ASSIGNMENT: In the records below, find the line with "With such a" and the line with "The second type". Print both exactly, along with every line between them, and no other line.
***** MATERIAL SHOWN
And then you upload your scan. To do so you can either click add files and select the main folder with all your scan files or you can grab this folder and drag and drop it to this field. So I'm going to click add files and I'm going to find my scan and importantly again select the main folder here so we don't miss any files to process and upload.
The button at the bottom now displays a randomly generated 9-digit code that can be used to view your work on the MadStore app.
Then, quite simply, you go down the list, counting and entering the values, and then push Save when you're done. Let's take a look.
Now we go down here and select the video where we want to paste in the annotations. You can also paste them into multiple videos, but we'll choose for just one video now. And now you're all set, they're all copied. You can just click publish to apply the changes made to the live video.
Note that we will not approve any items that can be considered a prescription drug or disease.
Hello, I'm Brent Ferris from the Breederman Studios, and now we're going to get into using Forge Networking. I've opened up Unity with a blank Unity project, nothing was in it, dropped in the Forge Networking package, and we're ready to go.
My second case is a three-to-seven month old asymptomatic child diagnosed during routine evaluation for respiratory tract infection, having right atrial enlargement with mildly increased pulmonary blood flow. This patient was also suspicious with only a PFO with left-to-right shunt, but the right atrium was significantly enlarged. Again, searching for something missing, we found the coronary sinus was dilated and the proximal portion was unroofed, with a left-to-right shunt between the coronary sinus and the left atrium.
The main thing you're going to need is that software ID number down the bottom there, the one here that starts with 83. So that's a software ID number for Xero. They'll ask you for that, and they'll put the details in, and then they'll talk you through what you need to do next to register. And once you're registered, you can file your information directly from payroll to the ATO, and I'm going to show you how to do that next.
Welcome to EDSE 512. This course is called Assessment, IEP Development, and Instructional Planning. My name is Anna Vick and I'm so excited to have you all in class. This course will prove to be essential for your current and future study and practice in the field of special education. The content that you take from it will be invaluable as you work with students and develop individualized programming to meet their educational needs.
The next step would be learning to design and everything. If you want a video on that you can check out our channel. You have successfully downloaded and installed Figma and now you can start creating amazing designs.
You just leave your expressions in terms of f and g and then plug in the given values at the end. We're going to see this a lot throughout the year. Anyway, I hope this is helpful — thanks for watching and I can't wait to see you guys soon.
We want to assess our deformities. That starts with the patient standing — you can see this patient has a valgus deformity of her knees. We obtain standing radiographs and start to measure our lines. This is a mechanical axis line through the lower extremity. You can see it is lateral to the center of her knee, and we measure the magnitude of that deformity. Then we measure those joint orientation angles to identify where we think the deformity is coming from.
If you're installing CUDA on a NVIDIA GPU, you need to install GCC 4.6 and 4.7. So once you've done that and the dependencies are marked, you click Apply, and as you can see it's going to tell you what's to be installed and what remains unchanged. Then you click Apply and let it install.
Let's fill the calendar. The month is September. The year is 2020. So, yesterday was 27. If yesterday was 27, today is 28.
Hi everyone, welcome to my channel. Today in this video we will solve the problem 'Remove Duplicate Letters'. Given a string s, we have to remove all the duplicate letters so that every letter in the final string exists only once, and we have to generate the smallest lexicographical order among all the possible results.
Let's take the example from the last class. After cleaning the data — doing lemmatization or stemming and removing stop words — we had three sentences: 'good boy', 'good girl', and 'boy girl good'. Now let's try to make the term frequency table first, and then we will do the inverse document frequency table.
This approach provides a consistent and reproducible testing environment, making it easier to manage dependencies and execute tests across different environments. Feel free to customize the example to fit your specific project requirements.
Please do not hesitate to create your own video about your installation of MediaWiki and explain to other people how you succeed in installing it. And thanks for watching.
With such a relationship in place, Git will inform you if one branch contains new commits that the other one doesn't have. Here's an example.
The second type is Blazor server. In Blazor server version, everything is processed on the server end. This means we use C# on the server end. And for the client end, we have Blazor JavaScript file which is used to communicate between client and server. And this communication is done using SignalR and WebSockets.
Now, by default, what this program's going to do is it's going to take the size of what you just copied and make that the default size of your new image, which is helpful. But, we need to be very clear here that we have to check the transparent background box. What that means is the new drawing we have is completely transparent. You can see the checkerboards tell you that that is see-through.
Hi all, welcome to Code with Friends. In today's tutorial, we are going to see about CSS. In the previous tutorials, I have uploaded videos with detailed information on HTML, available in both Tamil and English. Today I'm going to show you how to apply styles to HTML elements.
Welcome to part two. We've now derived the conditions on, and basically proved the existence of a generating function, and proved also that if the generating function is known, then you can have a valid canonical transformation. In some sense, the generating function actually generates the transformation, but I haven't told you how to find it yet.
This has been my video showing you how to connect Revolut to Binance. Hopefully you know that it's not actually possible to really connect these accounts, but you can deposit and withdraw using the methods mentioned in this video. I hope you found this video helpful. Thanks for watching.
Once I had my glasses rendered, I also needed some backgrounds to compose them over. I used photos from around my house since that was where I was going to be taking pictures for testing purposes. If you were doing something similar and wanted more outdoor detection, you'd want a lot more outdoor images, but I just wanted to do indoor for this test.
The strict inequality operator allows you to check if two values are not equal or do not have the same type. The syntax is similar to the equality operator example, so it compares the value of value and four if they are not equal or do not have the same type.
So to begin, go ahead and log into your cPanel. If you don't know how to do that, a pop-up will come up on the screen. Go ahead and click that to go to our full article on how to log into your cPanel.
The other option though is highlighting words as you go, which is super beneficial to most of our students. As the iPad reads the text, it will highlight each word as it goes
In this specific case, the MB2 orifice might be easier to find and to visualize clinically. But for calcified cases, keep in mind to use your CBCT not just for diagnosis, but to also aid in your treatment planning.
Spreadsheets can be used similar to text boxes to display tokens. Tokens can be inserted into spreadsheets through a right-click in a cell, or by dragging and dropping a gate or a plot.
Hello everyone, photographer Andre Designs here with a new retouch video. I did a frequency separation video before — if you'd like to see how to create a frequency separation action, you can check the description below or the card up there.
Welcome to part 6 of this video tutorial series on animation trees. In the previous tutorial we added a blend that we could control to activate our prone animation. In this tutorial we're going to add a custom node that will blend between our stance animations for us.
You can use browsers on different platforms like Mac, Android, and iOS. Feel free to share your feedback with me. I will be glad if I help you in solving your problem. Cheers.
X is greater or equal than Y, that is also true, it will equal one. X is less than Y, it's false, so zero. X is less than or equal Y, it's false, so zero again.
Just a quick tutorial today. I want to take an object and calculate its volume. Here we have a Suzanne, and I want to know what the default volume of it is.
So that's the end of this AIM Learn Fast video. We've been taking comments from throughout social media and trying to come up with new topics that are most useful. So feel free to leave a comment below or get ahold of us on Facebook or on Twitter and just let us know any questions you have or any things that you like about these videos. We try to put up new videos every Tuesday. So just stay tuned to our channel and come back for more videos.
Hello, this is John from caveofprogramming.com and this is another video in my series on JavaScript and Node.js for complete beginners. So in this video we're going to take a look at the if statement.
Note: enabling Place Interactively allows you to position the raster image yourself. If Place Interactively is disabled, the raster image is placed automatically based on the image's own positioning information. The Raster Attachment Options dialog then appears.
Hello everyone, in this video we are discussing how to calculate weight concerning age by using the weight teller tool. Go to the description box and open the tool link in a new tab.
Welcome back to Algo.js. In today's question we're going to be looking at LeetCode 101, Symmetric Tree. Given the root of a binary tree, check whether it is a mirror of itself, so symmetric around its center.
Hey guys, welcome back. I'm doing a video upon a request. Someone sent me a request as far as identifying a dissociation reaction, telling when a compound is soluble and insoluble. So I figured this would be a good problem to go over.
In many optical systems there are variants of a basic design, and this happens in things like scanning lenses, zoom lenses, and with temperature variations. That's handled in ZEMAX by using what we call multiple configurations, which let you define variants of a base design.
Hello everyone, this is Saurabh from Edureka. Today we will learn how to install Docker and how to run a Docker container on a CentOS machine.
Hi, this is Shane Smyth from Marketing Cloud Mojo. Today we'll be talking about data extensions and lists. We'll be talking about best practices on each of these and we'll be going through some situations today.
**********
EXERCISE OUTPUT:
With such a relationship in place, Git will inform you if one branch contains new commits that the other one doesn't have. Here's an example.
The second type is Blazor server. In Blazor server version, everything is processed on the server end. This means we use C# on the server end. And for the client end, we have Blazor JavaScript file which is used to communicate between client and server. And this communication is done using SignalR and WebSockets.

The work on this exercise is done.